At this point, between the inertia and silhouette score analyses, with a reasonable degree of confidence, it makes the most sense to group the data into seven clusters. So, a 7-cluster model was instantiated and fitted into the data. A new column that indicates cluster assignment was added to the dataset, then adjusted to 1-7 by adding 1 to the column.
This part was done with Tableau.
1) Cluster 1 is the largest cluster, containing 3,799 customers (38% of the total) from USA (63% of the cluster, 2,389 customers), Canada (22% of the cluster, 828 customers) and Australia (15% of the cluster, 582 customers).
2) 1,896 female customers and 1903 male customers; roughly 50%-50% split.
3) Average annual income (~$100,000).
4) Average age is 44.
5) Average spending score is 51.
6) Average number of purchases is 24.
7) Average membership years is 6.
8) Average website visits per month is 15
9) Average cart abandon rate is 0.50.
1) Cluster 2 has 1,008 customers (~10% of the total) from Germany.
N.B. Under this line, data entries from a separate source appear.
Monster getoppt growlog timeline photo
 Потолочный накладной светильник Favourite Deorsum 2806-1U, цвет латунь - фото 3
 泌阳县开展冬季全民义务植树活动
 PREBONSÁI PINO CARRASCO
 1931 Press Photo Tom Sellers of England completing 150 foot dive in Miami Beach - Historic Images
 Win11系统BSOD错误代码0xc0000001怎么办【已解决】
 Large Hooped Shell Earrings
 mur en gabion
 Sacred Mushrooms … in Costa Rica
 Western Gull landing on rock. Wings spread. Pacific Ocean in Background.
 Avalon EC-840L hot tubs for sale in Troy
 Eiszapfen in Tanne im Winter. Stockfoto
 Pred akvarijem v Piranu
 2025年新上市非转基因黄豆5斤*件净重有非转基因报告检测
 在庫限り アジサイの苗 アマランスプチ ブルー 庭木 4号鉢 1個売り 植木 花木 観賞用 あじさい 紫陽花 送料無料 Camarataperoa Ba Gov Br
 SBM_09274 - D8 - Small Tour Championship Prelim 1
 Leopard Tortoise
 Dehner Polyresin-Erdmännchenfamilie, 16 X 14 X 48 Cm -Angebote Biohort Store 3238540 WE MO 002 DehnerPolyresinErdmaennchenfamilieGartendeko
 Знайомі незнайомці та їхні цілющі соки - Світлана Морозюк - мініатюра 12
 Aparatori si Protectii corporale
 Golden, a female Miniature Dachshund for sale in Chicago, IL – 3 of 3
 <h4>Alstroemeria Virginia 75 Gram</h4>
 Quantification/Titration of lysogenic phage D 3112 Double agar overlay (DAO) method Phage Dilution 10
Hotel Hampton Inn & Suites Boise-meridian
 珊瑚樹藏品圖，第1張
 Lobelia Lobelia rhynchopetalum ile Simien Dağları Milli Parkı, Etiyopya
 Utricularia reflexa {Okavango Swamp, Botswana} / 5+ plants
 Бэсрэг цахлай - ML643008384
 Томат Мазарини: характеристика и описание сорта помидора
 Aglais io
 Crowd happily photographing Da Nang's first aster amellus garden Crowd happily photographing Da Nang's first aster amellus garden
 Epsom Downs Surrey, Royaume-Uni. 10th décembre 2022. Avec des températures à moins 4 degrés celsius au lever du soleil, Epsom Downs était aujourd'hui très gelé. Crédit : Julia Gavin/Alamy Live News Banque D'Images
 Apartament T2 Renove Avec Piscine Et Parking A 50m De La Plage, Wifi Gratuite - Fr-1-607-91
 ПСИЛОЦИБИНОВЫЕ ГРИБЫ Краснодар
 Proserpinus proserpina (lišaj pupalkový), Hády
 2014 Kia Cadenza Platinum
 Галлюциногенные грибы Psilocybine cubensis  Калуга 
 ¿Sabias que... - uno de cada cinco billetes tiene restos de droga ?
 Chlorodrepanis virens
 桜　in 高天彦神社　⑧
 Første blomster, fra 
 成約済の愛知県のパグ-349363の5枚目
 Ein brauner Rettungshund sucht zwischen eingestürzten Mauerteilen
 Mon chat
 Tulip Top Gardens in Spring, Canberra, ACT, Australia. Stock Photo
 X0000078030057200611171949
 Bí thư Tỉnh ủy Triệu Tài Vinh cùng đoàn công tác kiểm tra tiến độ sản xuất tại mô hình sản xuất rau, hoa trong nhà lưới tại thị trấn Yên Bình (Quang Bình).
2) 509 female customers and 499 male customers; roughly 50%-50% split.
3) Average annual income is (~$100,000).
4) Average age is 45.
5) Average spending score is 51.
6) Average number of purchases is 24.
7) Average membership years is 6.
8) Average website visits per month is 16.
9) Average cart abandon rate is 0.51.
1) Cluster 3 has 1,025 customers (~10% of the total) from Brazil.
2) 500 female customers and 525 male customers; roughly 49%-51% split.
3) Average annual income is (~$50,000).
4) Average age is 44.
5) Average spending score is 50.
6) Average number of purchases is 21.
7) Average membership years is 6.
8) Average website visits per month is 16.
9) Average cart abandon rate is 0.50.
1) Cluster 4 has 1,013 customers (~10% of the total) from the UK.
2) 473 female customers and 540 male customers; roughly 47%-53% split.
3) Average annual income is (~$100,000).
4) Average age is 43.
5) Average spending score is 51.
6) Average number of purchases is 23.
7) Average membership years is 6.
8) Average website visits per month is 15.
9) Average cart abandon rate is 0.49.
1) Cluster 5 is the second largest cluster, containing 2,266 customers (23% of the total) from India (67% of the cluster, 1524 customers), France (28% of the cluster, 640 customers) and Australia (5% of the cluster, 102 customers).
2) 1113 female customers and 1153 male customers; roughly 49%-51% split.
3) Average annual income is (~$50,000).
4) Average age is 44.
5) Average spending score is 50.
6) Average number of purchases is 21.
7) Average membership years is 6.
8) Average website visits per month is 16.
9) Average cart abandon rate is 0.50.
1) Cluster 6 has 494 customers (5% of the total) from Japan.
2) 250 female customers and 245 male customers; roughly 51%-49% split.
3) Average annual income is (~$100,000).
4) Average age is 44.
5) Average spending score is 52.
6) Average number of purchases is 23.
7) Average membership years is 6.
8) Average website visits per month is 16.
9) Average cart abandon rate is 0.49.
1) Cluster 7 is the smallest cluster, containing 394 customers(4% of the total) from South Africa.
2) 196 female customers and 198 male customers; roughly ~50%-50% split.
3) Average annual income is (~$50,000).
4) Average age is 44.
5) Average spending score is 51.
6) Average number of purchases is 21.
7) Average membership years is 6.
8) Average website visits per month is 15.
9) Average cart abandon rate is 0.51.